Глава 1 Загадки
Петр Онегин вышел вместе со мной из здания горкома партии и продолжил говорить:
— Будешь продолжать в том же духе, сделаешь хорошую карьеру, тебя узнают не как провокатора и нигилиста, а как организатора и молодежного лидера. Только с языком своим поаккуратнее. Чем выше товарищи, тем они обидчивее. И шуток не понимают совсем. Ну и на сладкое — тринадцатого ноября у Родимцева открытие выставки в Манеже. Ты приглашен.
— Ничего не получится.
— Что, такие дела, что отменить никак? Знаковое событие, как я считаю.
— Выставку отменят. Десятого Брежнев умрет.
— Ты что говоришь?! Ты сдурел?
Вот кто меня дернул за язык!!! Отмотайте время, я не хотел! Зачем я сказал это? И что теперь делать? Вот это вопрос требует немедленного ответа. Прямо сиюсекундного.
— Так вы не знали? Вам не говорят, что здоровье генерального секретаря постоянно ухудшается.
— Ты откуда знаешь?
— Не знаю. Я порой знаю такое, чего не могу. А откуда? Оттуда. — и показал пальцем в небо.
— Ты идиот? Ты понимаешь, что если бы тебя кто-то услышал, то ни тебя, ни меня завтра уже не было. То есть были бы где-то, но глубоко в заднице. Есть такое место, чтоб ты знал!

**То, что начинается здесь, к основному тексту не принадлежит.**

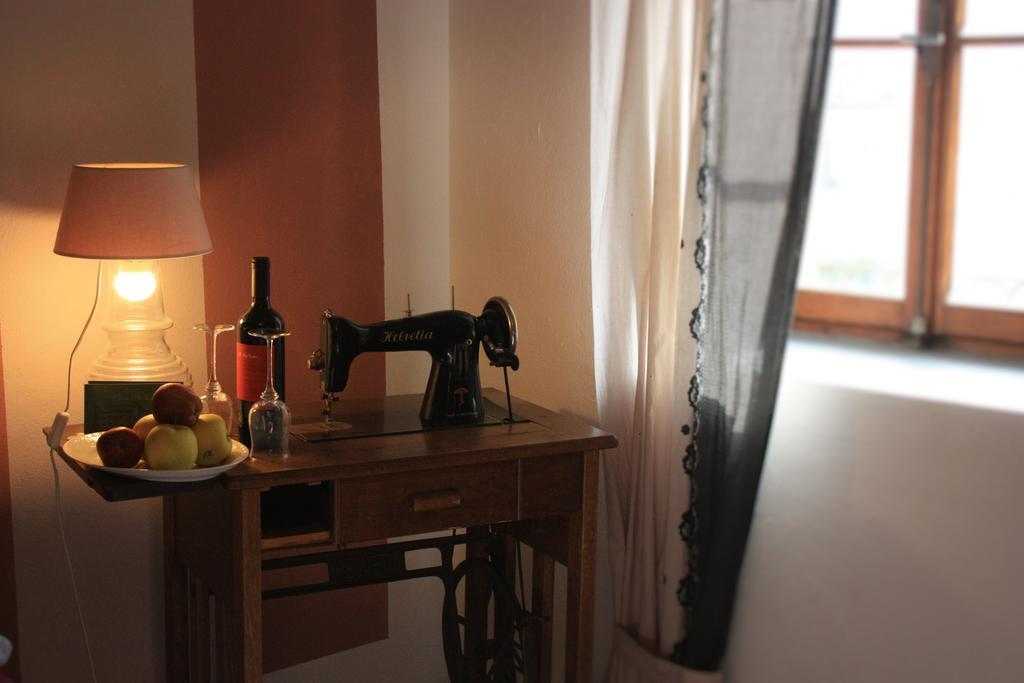 Affittacamere Casa Archi 로손 객실 사진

— Сделайте успешное лицо уже. А то у вас такой вид, словно вы на контрольно-следовой полосе какашку увидели. Ваш водитель же и спалит. Мол, Онегин бежал к пруду с изменившимся лицом.
— Что ты несешь?
— Кстати, про пруд, пойдемте к пруду, там кафе-мороженое «Волна», сможем поговорить без опаски. Или предпочитаете ресторан?
— Ресторан далеко?
— Тоже рядом.
— Тогда лучше туда. Мне надо принять.
— Угу, седативное средство. Сосудорасширяющее.
А чего идти, когда служебная машина под боком. Пять минут, и мы в «Янтаре», почти пустом в дневное время. И это правильно, за едой организм успокаивается и уже не тянет на суицид на полный желудок.
— Так откуда ты взял про здоровье и смерть ге…
— Дедушки.
— Да, дедушки. Такая информация в принципе не может просачиваться ниже определенного уровня.
— Вы свыклись с тем, что я знаю, как стрелять из автомата, как докладывать командиру подразделения, как строить тренировочный процесс. Как я шутил — родовая память. Так вот, я не знаю, механизма этого явления. Мироздание, зеленые человечки, черная магия — какая разница! Просто я порой что-то вспоминаю. Что-то плотно, про что-то только краешком сознания как в тумане.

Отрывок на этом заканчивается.